● What is being asked
Transcribe the listing in full, word for word; pictures do not belong in the copy.

● Dataset excerpts
★ ★ ★ ★ ★
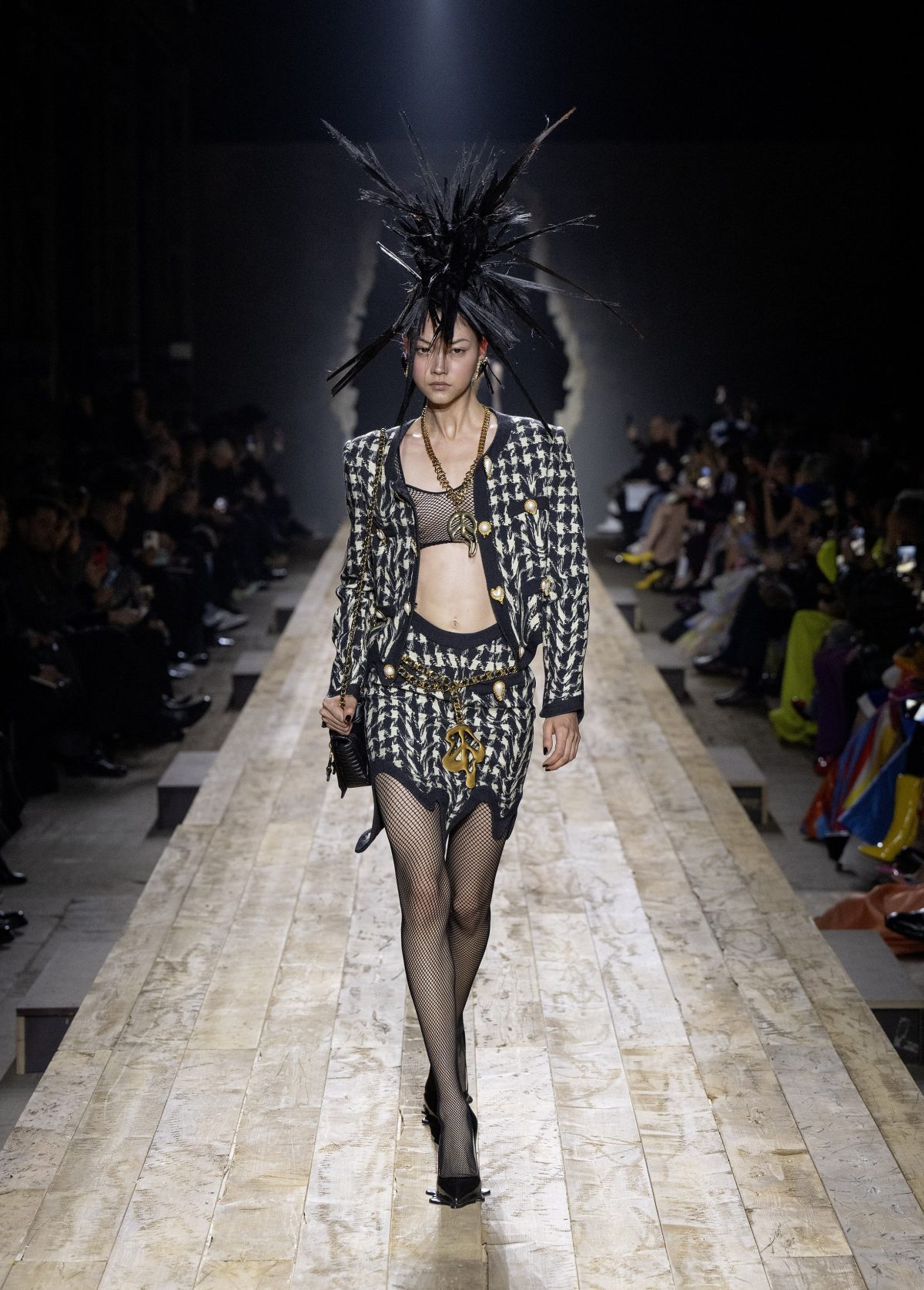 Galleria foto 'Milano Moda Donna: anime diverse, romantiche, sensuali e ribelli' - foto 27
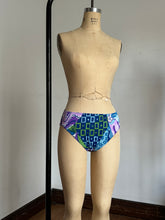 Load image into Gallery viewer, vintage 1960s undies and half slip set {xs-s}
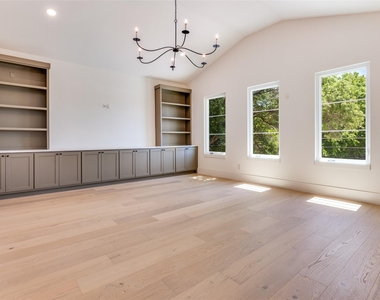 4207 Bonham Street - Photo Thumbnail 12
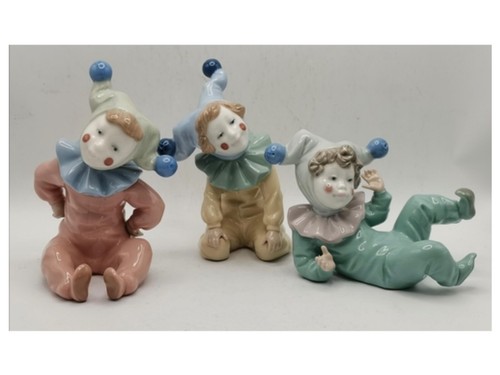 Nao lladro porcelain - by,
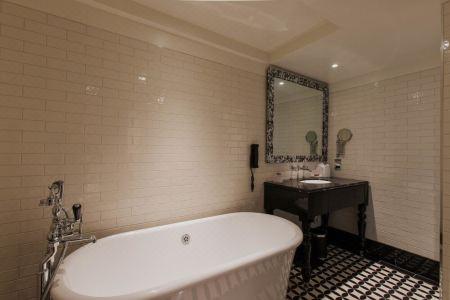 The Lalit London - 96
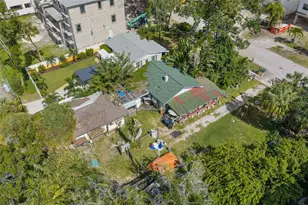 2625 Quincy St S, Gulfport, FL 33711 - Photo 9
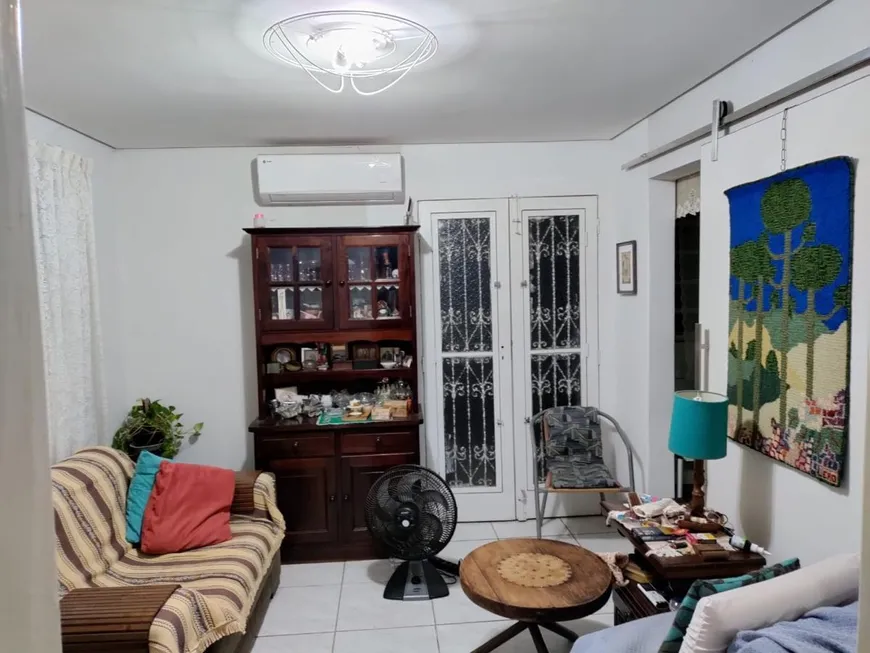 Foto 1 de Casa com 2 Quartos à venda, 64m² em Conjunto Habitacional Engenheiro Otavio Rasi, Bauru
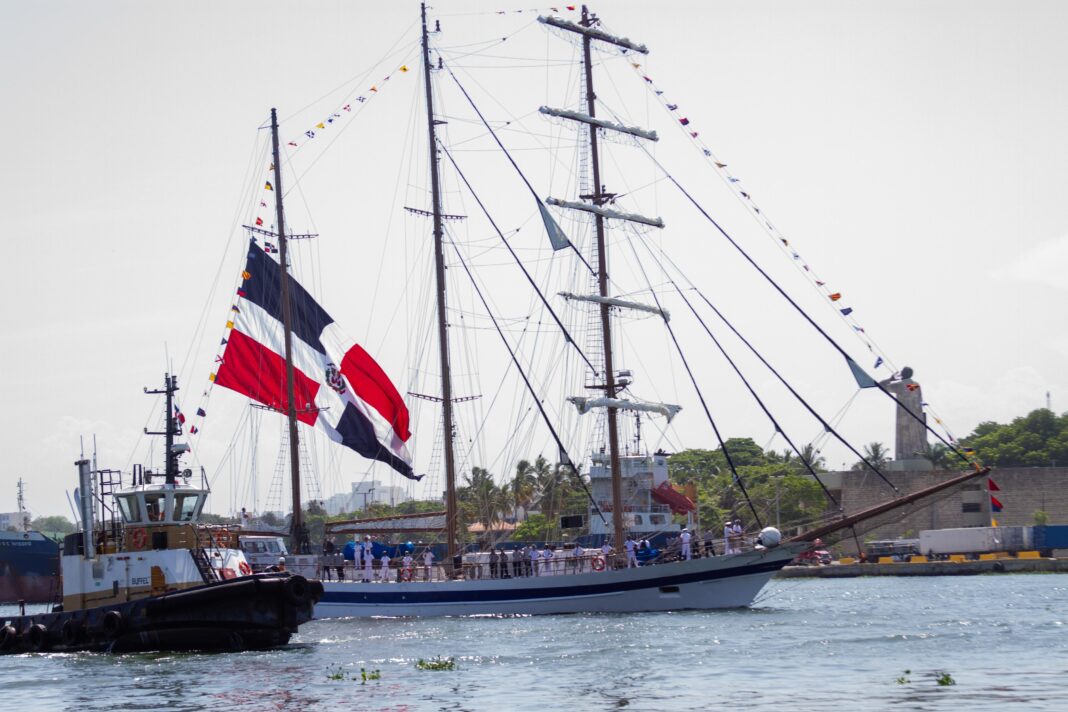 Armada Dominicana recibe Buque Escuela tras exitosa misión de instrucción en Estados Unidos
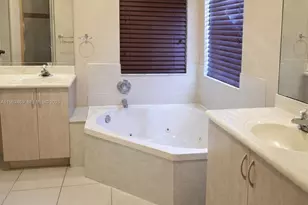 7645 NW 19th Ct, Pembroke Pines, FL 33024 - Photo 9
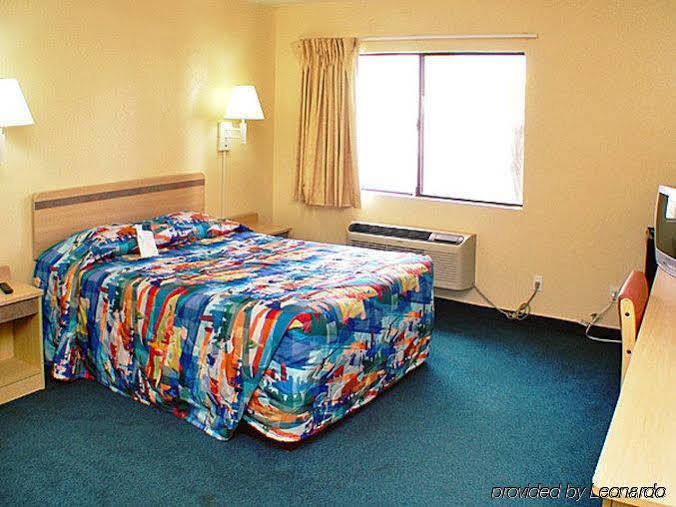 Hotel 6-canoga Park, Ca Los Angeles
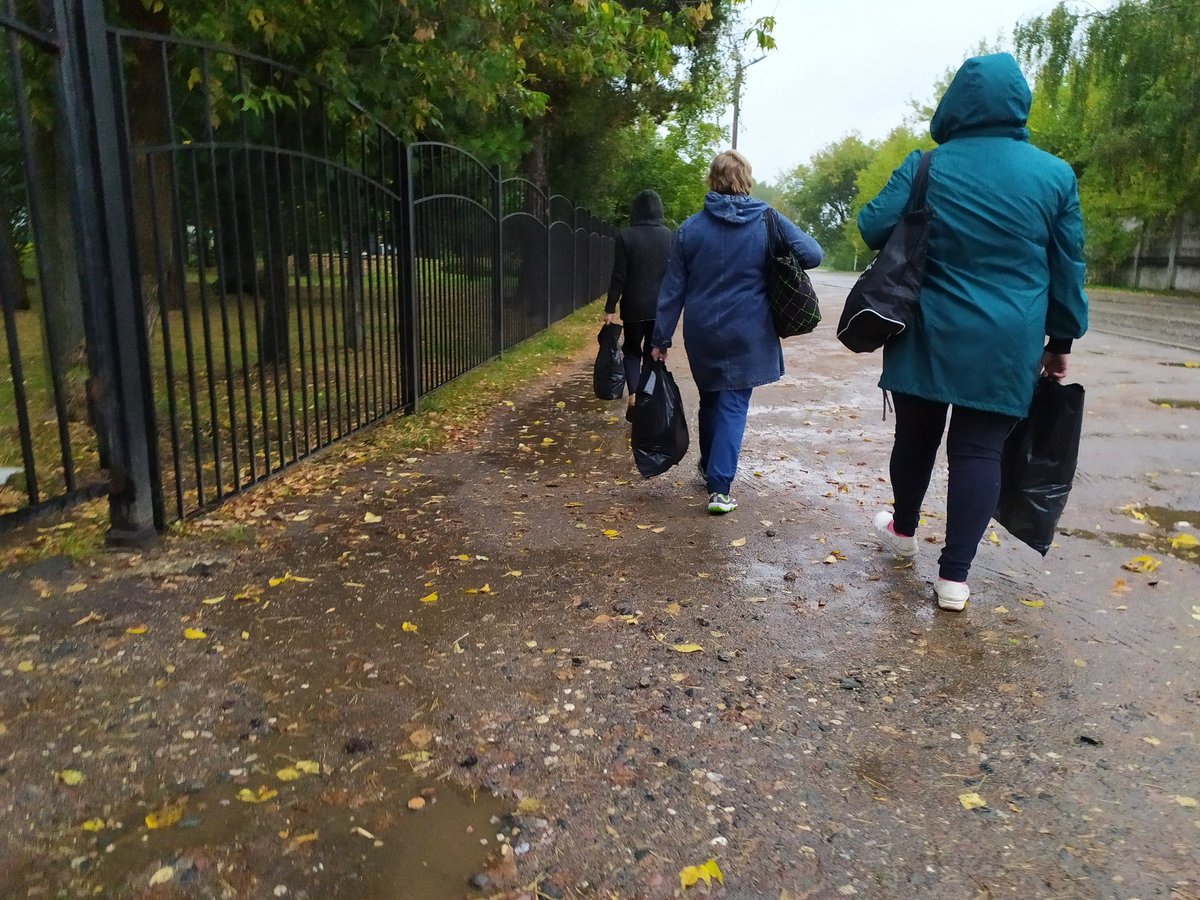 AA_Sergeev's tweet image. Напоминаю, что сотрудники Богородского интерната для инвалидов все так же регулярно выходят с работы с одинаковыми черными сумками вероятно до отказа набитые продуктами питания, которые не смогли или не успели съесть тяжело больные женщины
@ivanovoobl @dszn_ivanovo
★ ★ ★ ★ ★
● Response for this exercise
 Galleria foto 'Milano Moda Donna: anime diverse, romantiche, sensuali e ribelli' - foto 27
 Load image into Gallery viewer, vintage 1960s undies and half slip set {xs-s}
 4207 Bonham Street - Photo Thumbnail 12
 Nao lladro porcelain - by,
 The Lalit London - 96
 2625 Quincy St S, Gulfport, FL 33711 - Photo 9
 Foto 1 de Casa com 2 Quartos à venda, 64m² em Conjunto Habitacional Engenheiro Otavio Rasi, Bauru
 Armada Dominicana recibe Buque Escuela tras exitosa misión de instrucción en Estados Unidos
 7645 NW 19th Ct, Pembroke Pines, FL 33024 - Photo 9
 Hotel 6-canoga Park, Ca Los Angeles
 AA_Sergeev's tweet image. Напоминаю, что сотрудники Богородского интерната для инвалидов все так же регулярно выходят с работы с одинаковыми черными сумками вероятно до отказа набитые продуктами питания, которые не смогли или не успели съесть тяжело больные женщины
@ivanovoobl @dszn_ivanovo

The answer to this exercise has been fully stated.